Dans la poubelle sous l'évier, des coques des noix et un filtre à café.

Dans une poubelle, sa mère a mis une étiquette "Rh 0 négatif". On t'a fait un prélèvement sanguin pour savoir si tu avais absorbé des substances psychotropes.

Je jette quelques miettes par la fenêtre. Un pigeon atterrit aussitôt.

Je récupère des papiers et souvenirs que ta mère avait jeté dans un sac.

Le Psion Revo sonne: le premier 30 millions d'amis sans toi: un zèbre, des singes mago, et un rat et surtout un chat noir et blanc qui ressemble au chat qu'elle a acheté il y a trois ans, un jour de déprime, félin que j'ai nommé Léo (j'aurais pu Félix).

Elle avait l'intention de venir avec moi déjeuner chez ma mère. Échec, et mat sur le damier de croisement peint sur le bitume: le fou a renversé le pion, la dame, la reine, la cavalière.

Déjeuner avec ma tante et ma cousine: impression d'incommunication de ce qui est affectivement important, fondamental, comme toujours avec ma cousine. Rester superficiel. C'est là ou je suis le plus malheureux, ou tu me manques le plus, car tu me comprenais mieux et que tu étais présente, avec tous nos souvenirs communs.

À la brocante avec ma tante et ma cousine, je me sens pas bien, trop étranger à cet environnement, à leurs conversations. Je n'aurais pas réussi à photographier des gens.

Il vaut mieux que je sois seul et étudie les dossiers de la noirceur du monde actuel. Ça me fera moins regretter l'absence.

En allant et en revenant de chez ma cousine, nous passons près d'un attroupement de véhicules urgentistes. J'entends une dame dire à un enfant que c'est une voiture qui a percuté un piéton. Attiré-je la poisse?

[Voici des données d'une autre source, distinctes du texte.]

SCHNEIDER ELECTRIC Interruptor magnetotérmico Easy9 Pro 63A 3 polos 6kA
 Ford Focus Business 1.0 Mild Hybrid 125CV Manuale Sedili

Parfois, souvent, j'ai désiré sa mort, afin de ne plus étouffer.

Alors que je me prépare à repartir de chez ma tante (je refuse de dîner chez elle, de dormir chez elle, de revenir déjeuner chez elle demain), Mme Perrissin, amie de ma mère et institutrice à l'école où j'étais de 7 à 10 ans, me téléphone.

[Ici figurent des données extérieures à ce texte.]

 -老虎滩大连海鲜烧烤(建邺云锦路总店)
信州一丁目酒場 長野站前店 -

J'ai hâte de me retrouver seul; ma misanthropie est à ce point.

La plupart des personnes, comme ma cousine ne désirent pas être conscientes des mêmes choses que moi, d'où l'incommunicabilité.

Là, je suis vraiment déprimé. j'ai envie de tout abandonner, de ne communiquer avec personne.

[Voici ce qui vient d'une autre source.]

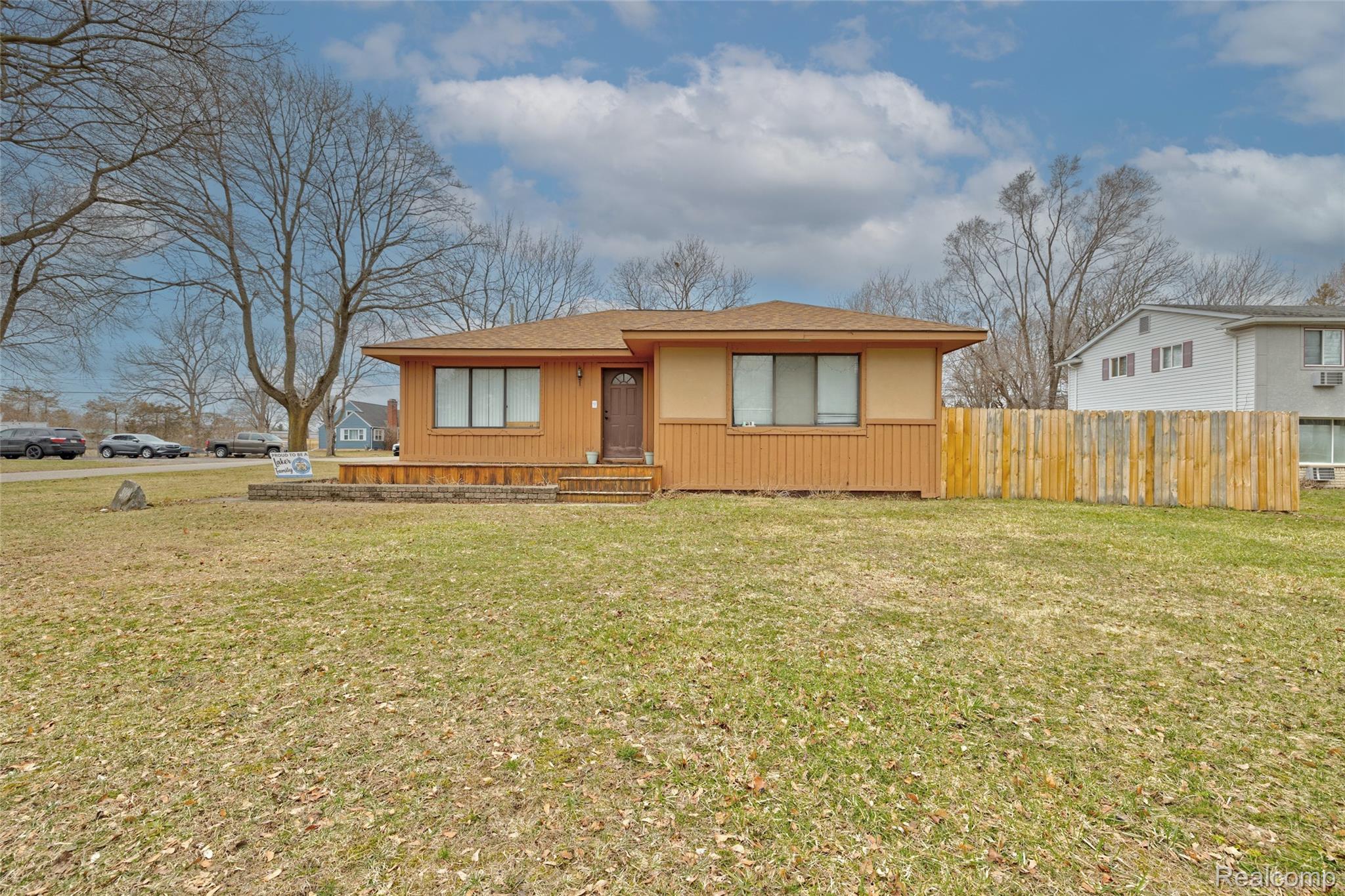 4009 Airport Road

Ghislaine, que tous imaginaient plus jeune que son âge. (Tous ses efforts pour être belle, me plaire.) Cassée d'un coup.

Je corrige les histoires imaginées par Ghislaine et que nous avons écrites sur mon Psion.

J'ai hâte de mourir mais j'espère ne jamais être amené à le faire. Trop pénibles derniers moments.

Dans le bazar de mon studio, je ne retrouve pas une sandale et une épine s'enfonce dans ma chair. Afin de l'extraire, je dois ouvrir le set manucure que j'ai acheté à Carrefour juste avant d'apprendre la mort de Ghislaine.

Celui qui a tué le chien devant nos yeux en Bulgarie y pense-t-il parfois?

Dans les médias, ils ignorent l'accident, tandis que ceux qui savent m'agacent de leurs réactions.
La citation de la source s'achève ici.